▸ **Prompt**:
Directions for the data below: repeat exactly the lines from the one with "a man standing" through the one with "Detail of gold", both included, and omit all pictures.

▸ **Raw data**:
Content starts
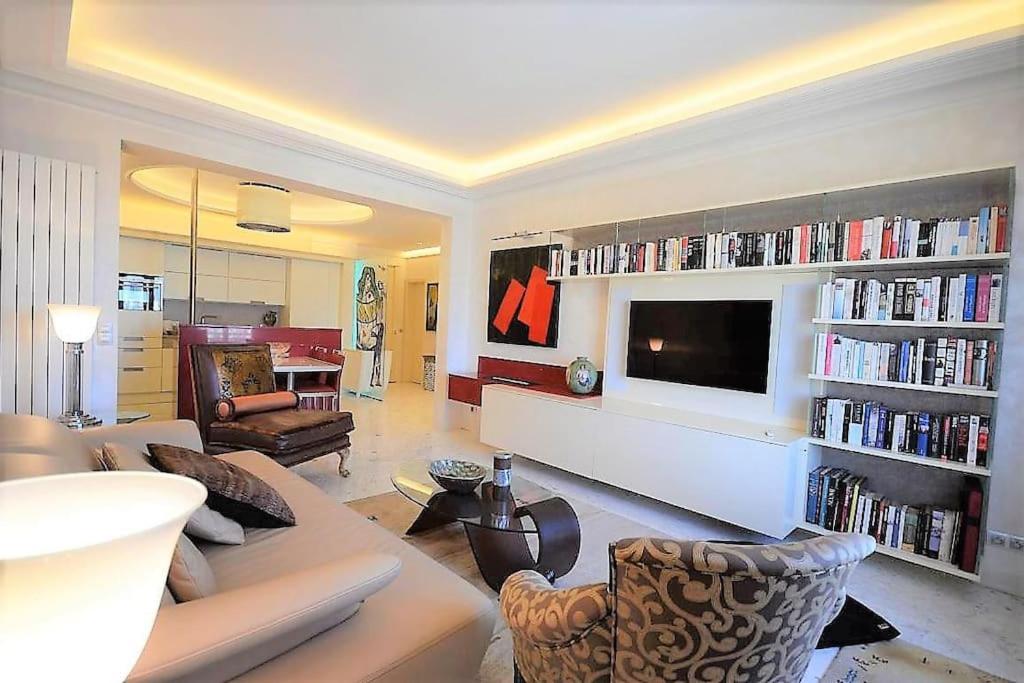 een woonkamer met een bank en een flatscreen-tv bij Palais Miramar Suite Art Modern - Derniere étages Vue Mer - 75m de confort - En Face des Plages -WIFI - Clim in Cannes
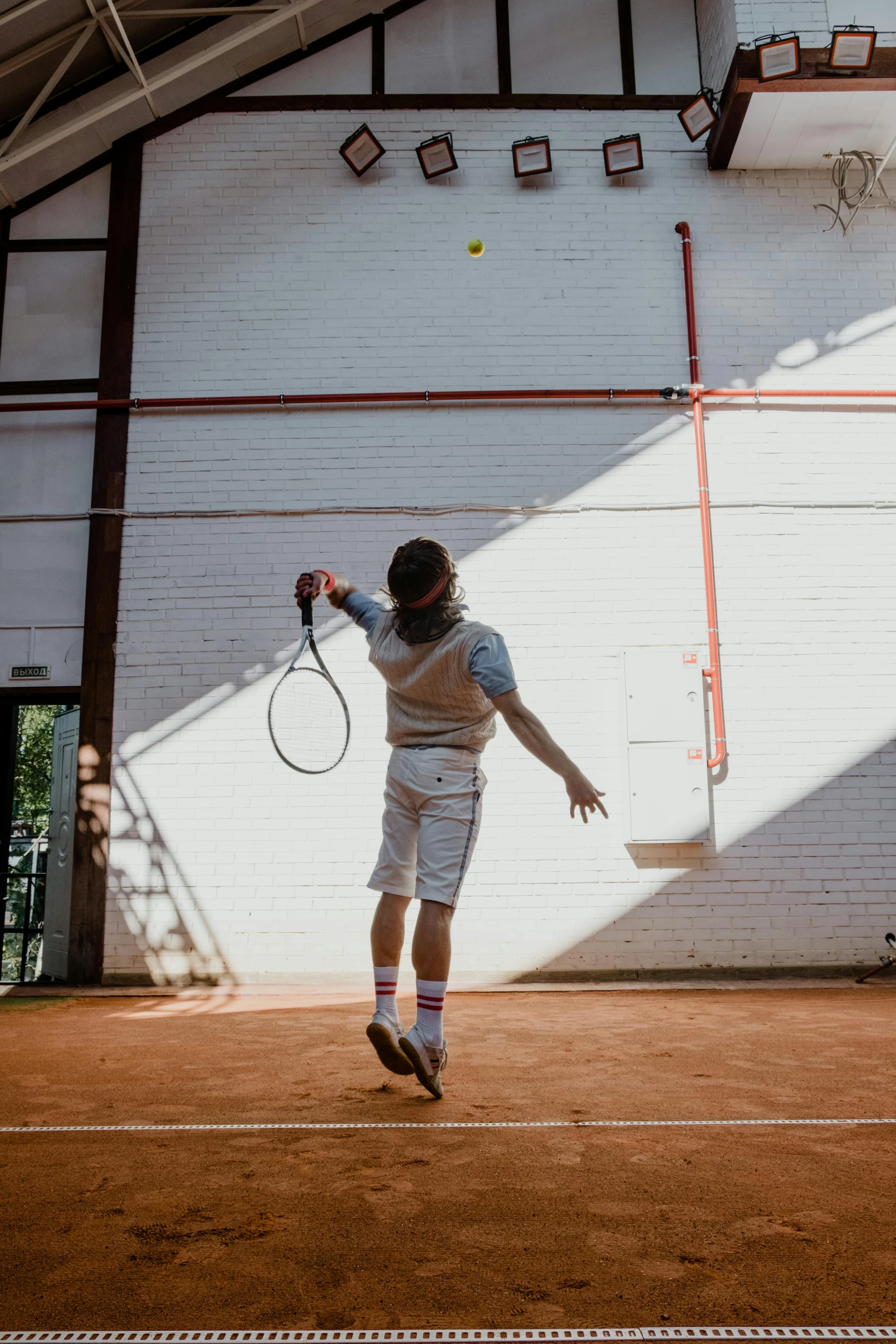 a man standing on top of a tennis court holding a racquet, by Jan Tengnagel, happening, performance, indoor picture, let's play, instagram post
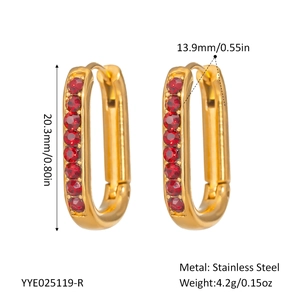 Detail of gold U-shaped earrings with red gemstones and dimension measurements
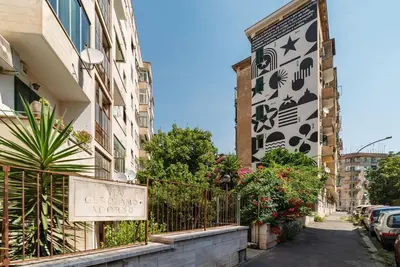 a street with a sign on the side of a building at GuestHost - Colorful Apt in Vintage-Modern Style in Rome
Content ends
▸ **Answer for this exercise**:
 a man standing on top of a tennis court holding a racquet, by Jan Tengnagel, happening, performance, indoor picture, let's play, instagram post
 Detail of gold U-shaped earrings with red gemstones and dimension measurements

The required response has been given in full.